Debabrata Mookerjee, J.
1. This is a Rule to show cause why a certain order of acquittal made under Section 245 of the Code of Criminal Procedure should not be set aside or why such other or further order or orders made as to this Court may seem fit and proper.
2. For the purposes of this Rule it is not necessary to set out the facts. There was an information lodged with the police by the complainant. Upon investigation the police submitted a chargesheet and copies of police papers were made available in due course to the accused. The Magistrate before whom the accused persons were tried made an order on 25th June, 1956, which is now complained of. It appears that on that day although the complainant was present no prosecution witnesses were present. The accused opposite party then represented to the Magistrate that if the police papers were looked into and examined, it would appear clear that there was no case against the opposite party. The learned Magistrate acceded to the request, looked into the police papers and straightway made an order under Section 245 of the Code of Criminal Procedure acquitting the accused of the charges against them.
3. It is contended before me that this order under Section 245 of the Code of Criminal Procedure is bad in law. I think there is substance in this contention. In a trial of a summons case under Chapter XX of the Code of Criminal Procedure, the Magistrate has to follow a prescribed procedure. When an accused appears or is brought before the Magistrate the particulars of the offence are required to be stated to him, and he is to be asked if he has any cause to show why he should not be convicted. If the accused admits having committed the offence, his admission shall be recorded and he may be convicted straightway by the Magistrate, If the Magistrate does not choose to convict him on his plea, he shall underSection 244 of the Code of Criminal Procedure hear the complainant and take such evidence as may be adduced in support of his case. The Magistrate has also to hear the accused and take such evidence as he may choose to adduce in his defence. It is only then that Section 245 is reached when the Magistrate is required to record an order of acquittal under the section if he is persuaded that the accused is not guilty of the accusations made against him. If, on the other hand, he finds on the evidence that he is guilty of the offence charged, he shall pass sentence upon him according to law. It is not necessary to refer to other sections appearing in that Chapter.

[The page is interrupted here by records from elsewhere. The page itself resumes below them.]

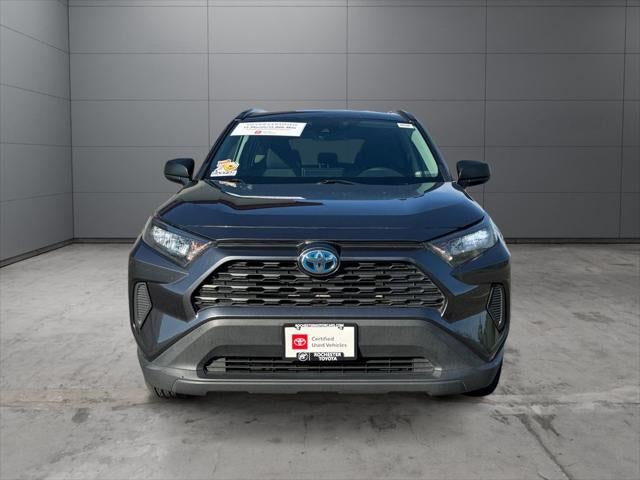 2021 Toyota RAV4 Hybrid LE AWD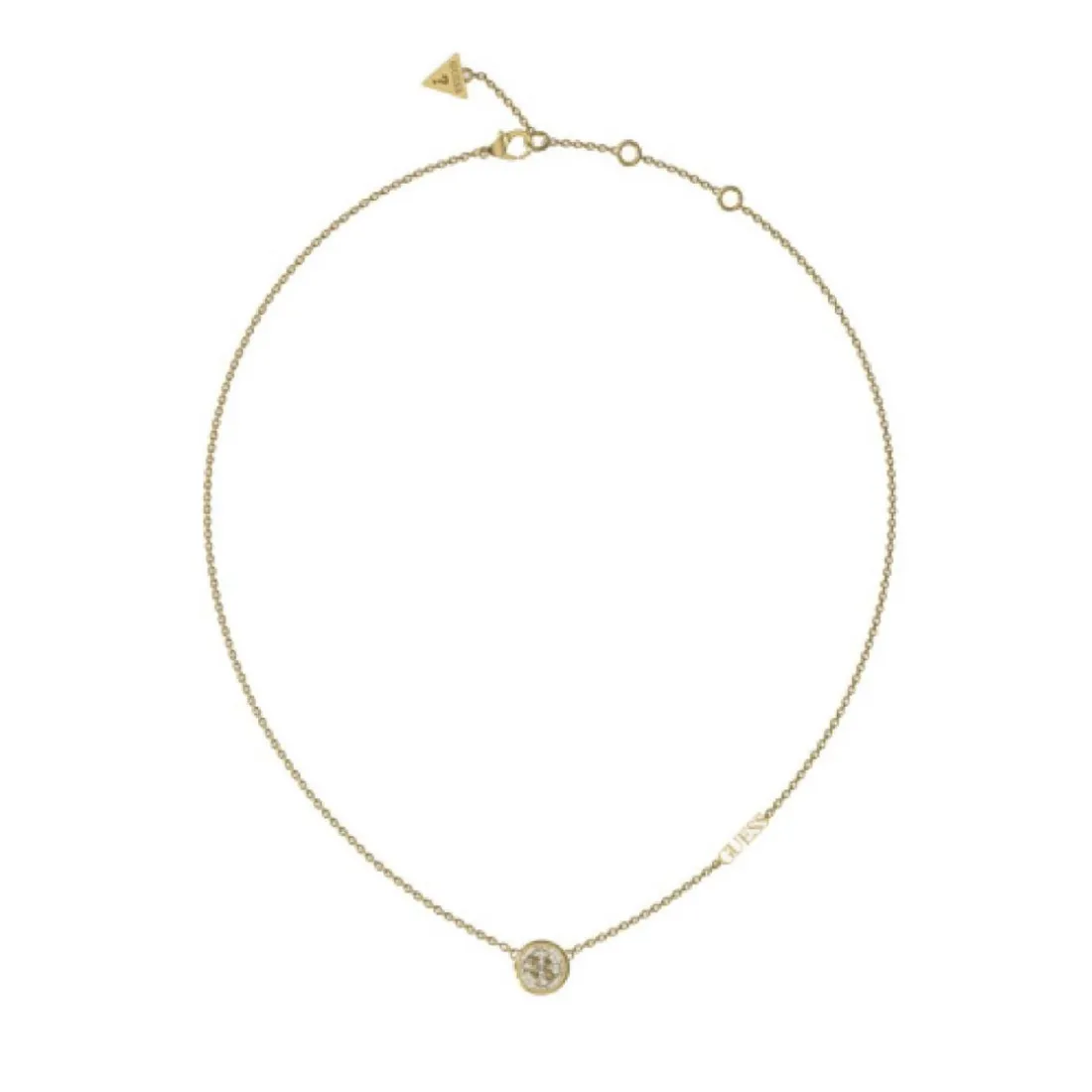 Collier femme Guess Bijoux JUBN03124JWYG - DREAMING GUESS Acier Doré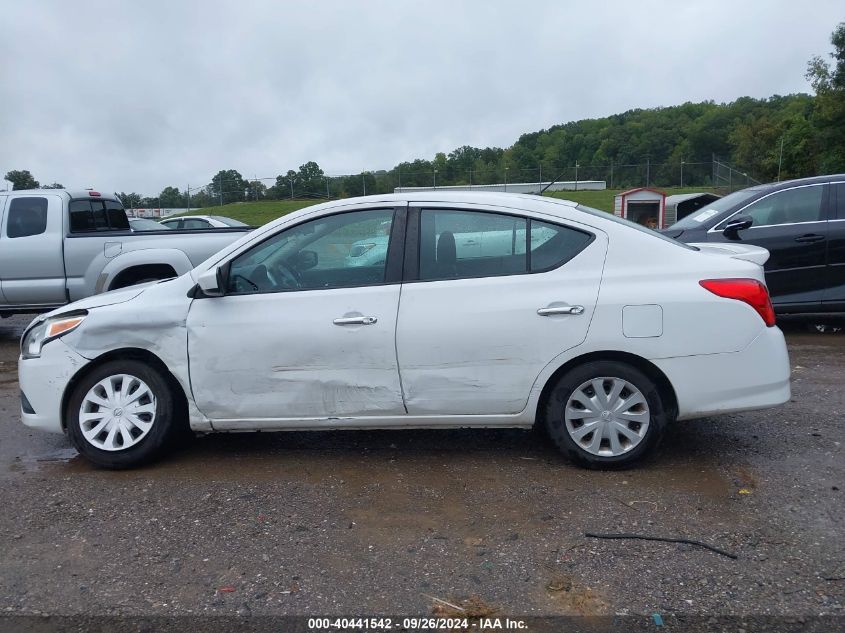 2019 Nissan Versa 1.6 Sv VIN: 3N1CN7AP6KL858682 Lot: 40441542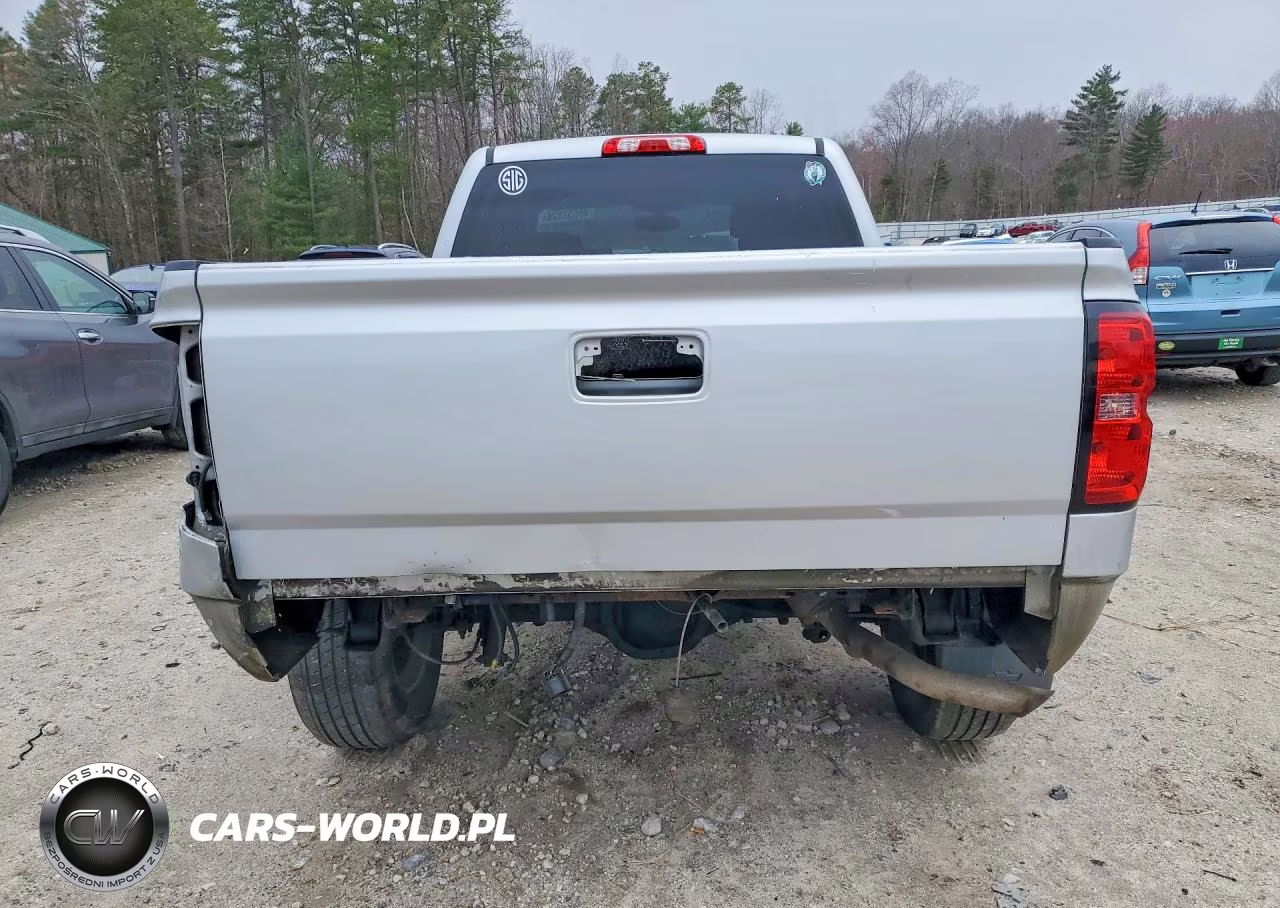 2017 Chevrolet Silverado K1500 Lt VIN:1GCVKREC6HZ390732 - 6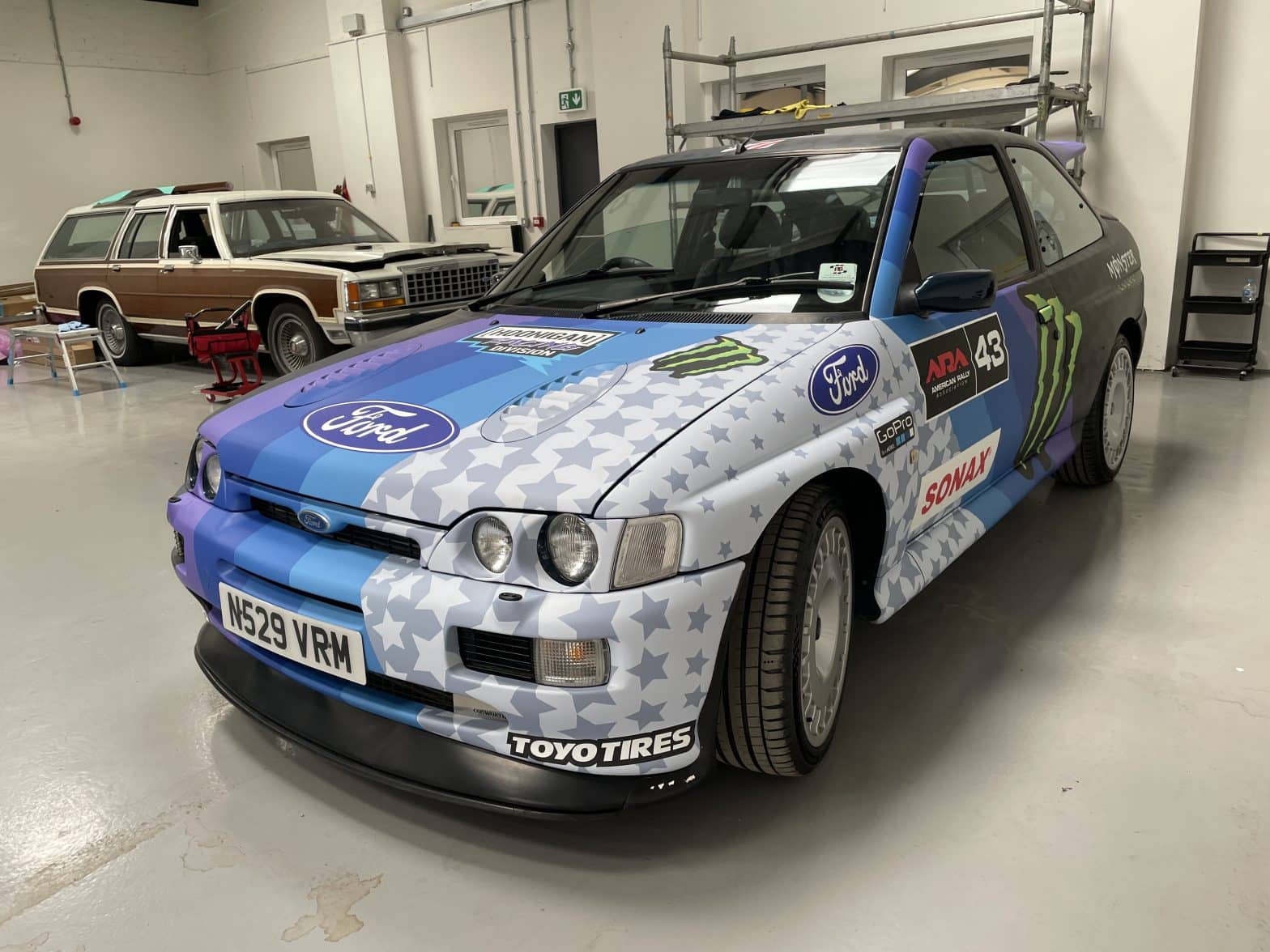 printed vehicle wraps near me - manchester -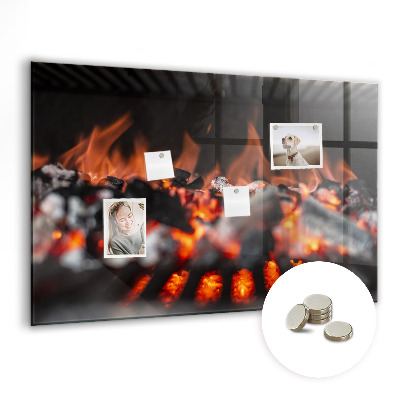 Magnet board Rooster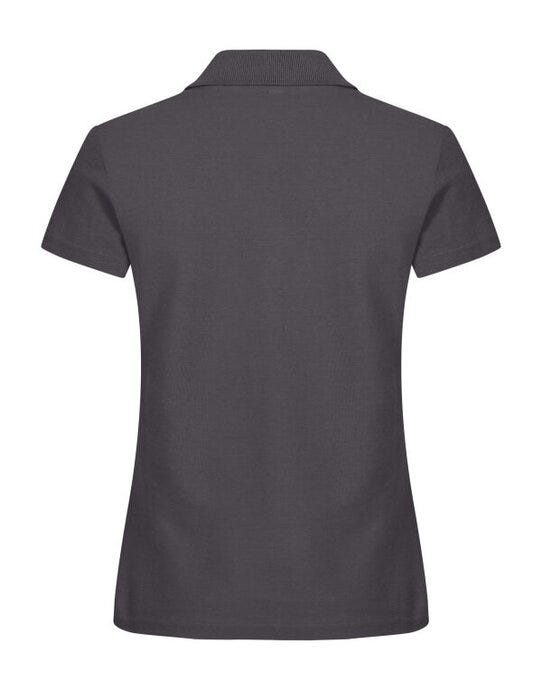 Clique Ladies Basic Polo - Metal Grey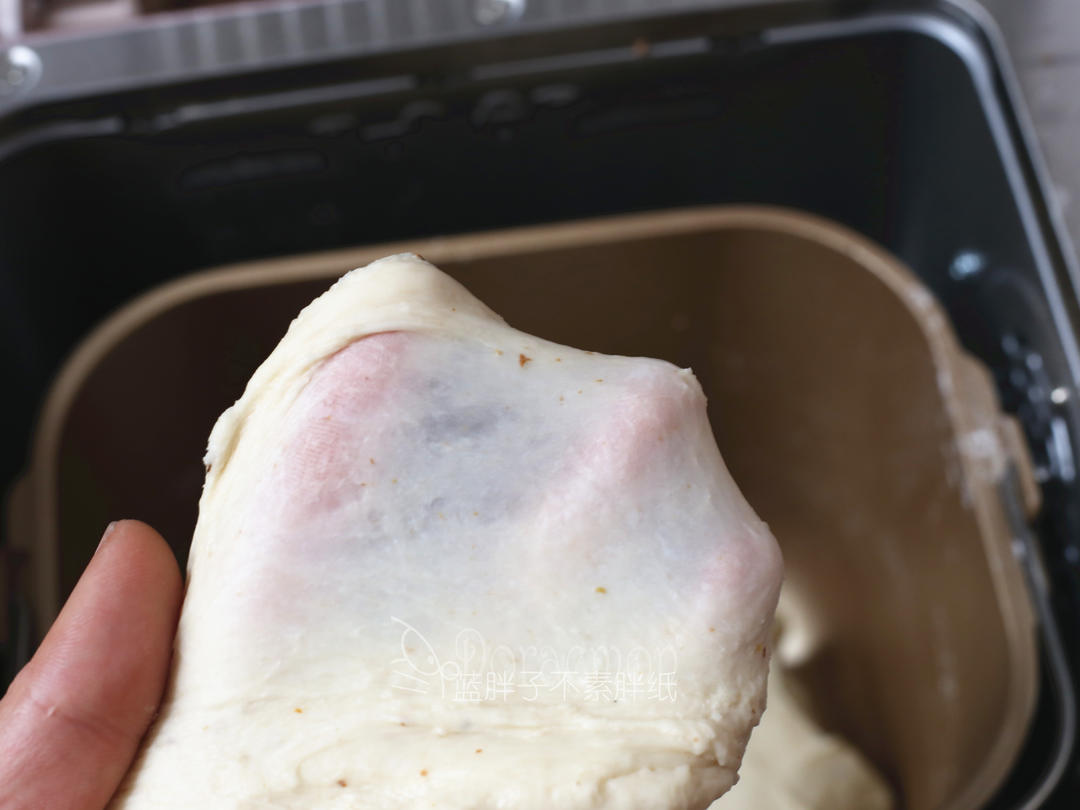 桂花藕粉小餐包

4. It is thus reasonably clear that before an order of acquittal can be made under Section 245 of the Code of Criminal Procedure evidence has to be heard. He cannot without hearing the evidence pass an order straightway under Section 245. There may be other types of acquittal in summons cases, e.g., when the complainant fails to be present upon a day appointed for the hearing of the case, when the Magistrate may instead of adjourning the case acquit the accused. But that is not the case here. If the acquittal under Section 245 of the Code is to be held a good acquittal, it must be based upon evidence which the Magistrate has to hear under Section 244 of the Code. In this case, there was no evidence whatever produced at the Trial. All that the Magistrate did was that he looked into the police papers and framed his own opinion about the merits of the matter. This he was certainly forbidden io do. The police papers cannot possibly be put to the use to which they have been put by the Magistrate. They cannot, in spite of recent amendments of the Code take the place of evidence. The order of acquittal must in the circumstances be set aside.
5. This Rule is accordingly made absolute and the accused opposite party are directed to be re-tried in accordance with law.